(Records for this exercise Opens)
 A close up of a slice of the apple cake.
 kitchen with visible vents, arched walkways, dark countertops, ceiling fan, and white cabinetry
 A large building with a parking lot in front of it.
(Records for this exercise Closes)
(Records for this exercise Opens)
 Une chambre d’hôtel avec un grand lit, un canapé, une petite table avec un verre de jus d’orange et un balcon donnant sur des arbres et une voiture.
(Records for this exercise Closes)
(Records for this exercise Opens)
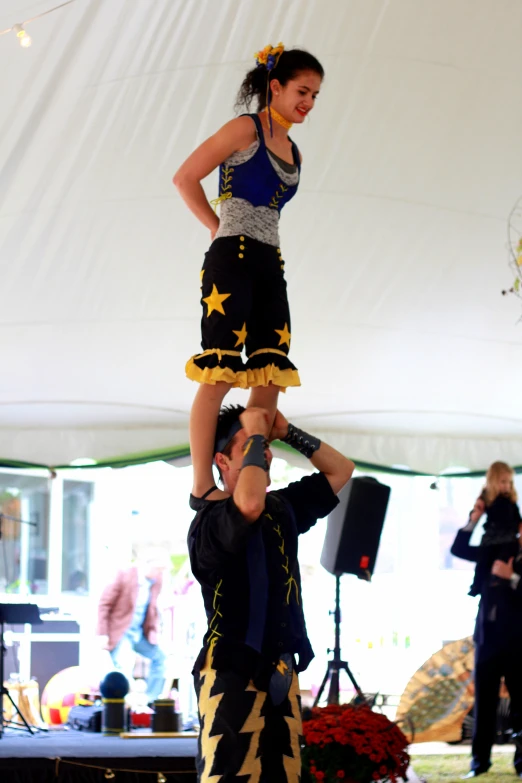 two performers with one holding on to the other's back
(Records for this exercise Closes)
:: Work instruction ::
Print, without alteration, only the lines above between the one holding "kitchen with visible" and the one holding "A large building", inclusive.

:: Your response ::
 kitchen with visible vents, arched walkways, dark countertops, ceiling fan, and white cabinetry
 A large building with a parking lot in front of it.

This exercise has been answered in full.